Justice Mohammed Idris who now sits on appellate jurisdiction had on February 27, reserved judgement in the case, after defence counsel adopted their final addresses.
Mr Dudafa was charged by the Economic and Financial Crimes Commission (EFCC) along with one Joseph Iwejuo, a staff of Heritage Bank, on a 23-count charge bordering on conspiracy, money laundering and concealment of proceeds of crime.
They, however, pleaded not guilty.
The EFCC arraigned them on counts of conspiracy to conceal proceeds of crime amounting to over N1.6 billion on June 11, 2013
The prosecution closed its case on March 16, 2018, after calling seven witnesses and tendering several exhibits.
The defence initially filed and argued a no-case submission, and urged the court to dismiss the case on grounds that the prosecution failed to establish any case against them.
Mr Idris had in a ruling delivered in August 2018, dismissed the no-case submission on grounds that the defendants had some explanations to make on the exhibits and evidence adduced by prosecution.
Defence consequently called two witnesses so far and tendered exhibits.
It closed its case in November 2018 and final addresses were adopted on February 27, while judgment was reserved.
On Friday, Mr Idris returned to the Federal High Court and announced that the 90-day period provided by law for judgment to be delivered had expired.
“I have carried out a page-by-page examination of the entirety of the more than 600 pages of the statement of accounts that had been tendered in evidence in this case, and the judgment has been written.
“However, in line with decided cases, and acting ex abundanti cautella (with abundant caution), I deemed it being privileged to be in the Court of Appeal.
“If any court of law raises an issue of law suo motu (on its own), and goes ahead to make pronouncement without affording counsel the opportunity of addressing it on those issues, the entire judgment will be set aside on appeal.
“This is in line with the requirement of Section 36 of the Constitution which guarantees the right to fair hearing.
“Reading through my judgment, I discovered that I might have raised issues of law, which I thought are important. I call the attention of counsel so that I am addressed briefly on it,” he said.

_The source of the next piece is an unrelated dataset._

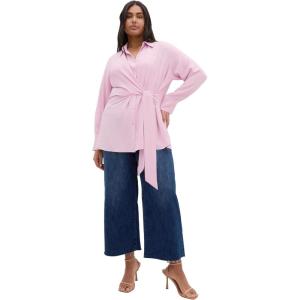 City Chic Women’s Shirt-Telia Side Tie(Soft Pink)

According to the judge, the question to be addressed is on the relationship, if any, between the provisions of Section 27(3) (c) of the EFCC Establishment Act and Sections 7(2), 16 and 17 of same Act, as they relate to the charge.
“This is the simple issue I want learned counsel to address the court on,” he said.
He, therefore, urged counsel to file addressees on June 3, after which it will hear submissions and further reserve judgment.